Dogs are heart-warming creatures who elicit extremely strong feelings of affection, and anyone who owns one will fully understand why. There are times, though, when our dogs behave in ways that need correction, and although telling off our pets is not easy, sometimes it needs to be done. This infographic from Greyhounds as Pets https://gapnsw.com.au/ looks at common dog behaviours which should be rectified if you notice them in your dog.
- Incessant barking: When we hear our dogs bark, the instinctive reaction is usually to shout at them to stop. This serves only to aggravate the problem and it takes obedience training to curtail the regularity with which they bark.

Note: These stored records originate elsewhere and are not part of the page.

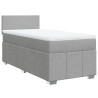 Boxspringbett mit Matratze Hellgrau 90x190 cm Stoff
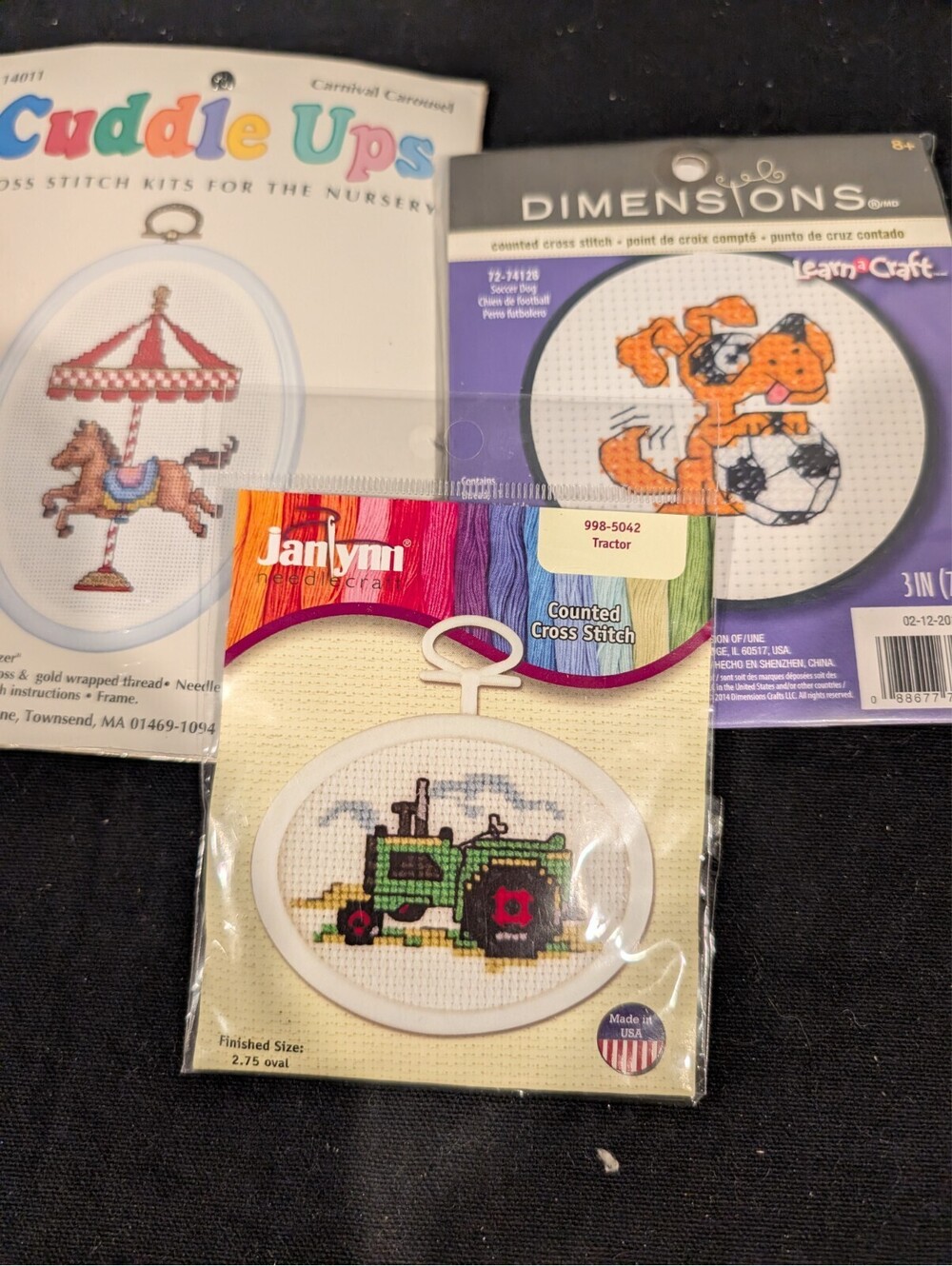3 Mini Cross Stitch Kits Dimensions Soccer Dog Janlynn Tractor Cuddle Ups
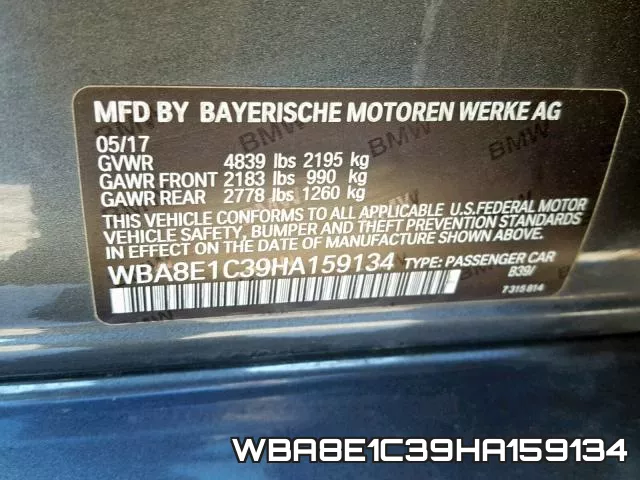 WBA8E1C39HA159134 фото 2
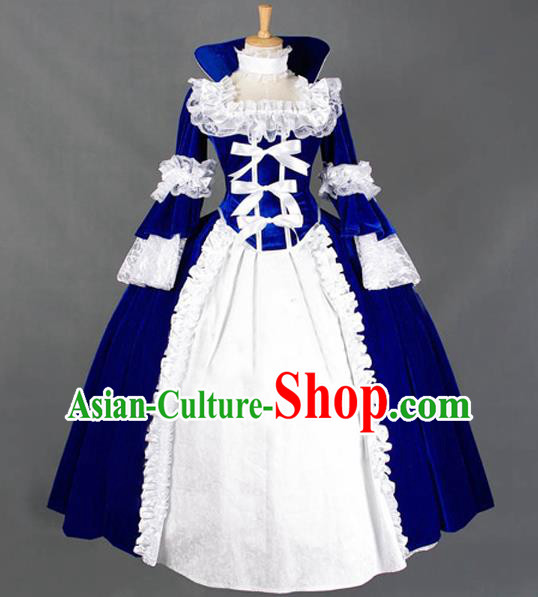 Top Gothic Queen Royalblue Dress Western Court Formal Costume Halloween Performance Full Dress European Middle Ages Garment Clothing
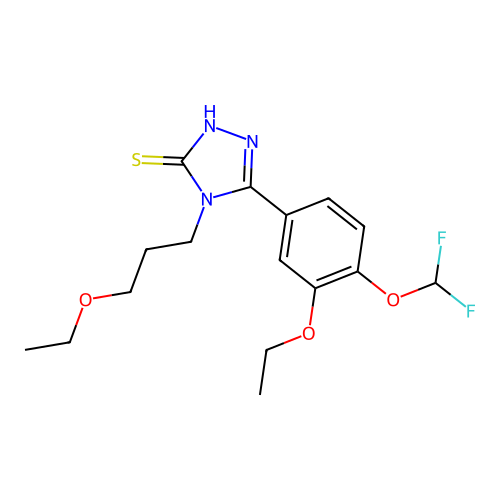 3-[4-(difluoromethoxy)-3-ethoxyphenyl]-4-(3-ethoxypropyl)-1H-1,2,4-triazole-5-thione structure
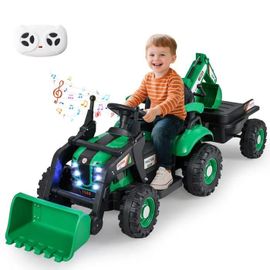 Costway 4 En 1 Tracteur Pour Enfant Avec 6 Roues, Remorque Amovible, Pelle, Seau, Télécommande, Led Et Musique, 3 Ans+, Vert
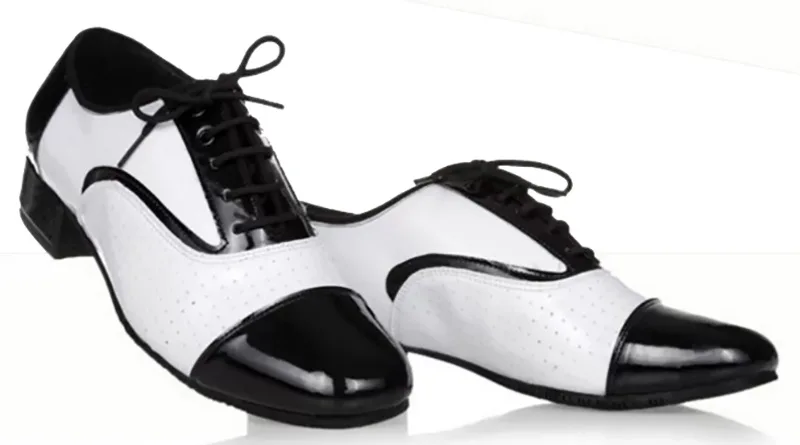 Latin Dancing Shoes Men\'s Leather Black & White International Dance Shoes Square Dance Adult Breathable Soft Sole Modern Dance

- Excessive chewing: Dogs explore with their mouths, but that can be problematic if they chew on something precious (e.g. an expensive or highly important item of clothing). Give your dog an appropriate toy to chew upon so that they don’t go for what they shouldn’t.
- Begging: If you feed your dog from the kitchen table once, it will expect the same thereafter. Just don’t do this; take them to another room while you’re eating.
- Pulling on the leash: If you feel your dog pulling on the leash while walking, stop and they will do likewise once they realise you’re not moving. In time, they will come to know that pulling has no benefit.
- Digging holes: If you see your dog digging where they shouldn’t, stop them immediately and distract them with a toy instead.
- Isolation: It’s hard for your dog when they’re left alone, but you can’t be around them 24/7. Give them something to keep them occupied and leave them for a few minutes before calmly returning.
- Biting: If a dog feels threatened or nervous, they are more likely to bite. Expose them gradually to social settings from an early stage so that they feel comfortable around others.
- Whining for attention: It can be hard to ignore your dog when it whines, but you can’t let it command attention that easily. Let them know firmly but not rudely that you’re in charge and they’ll get the message.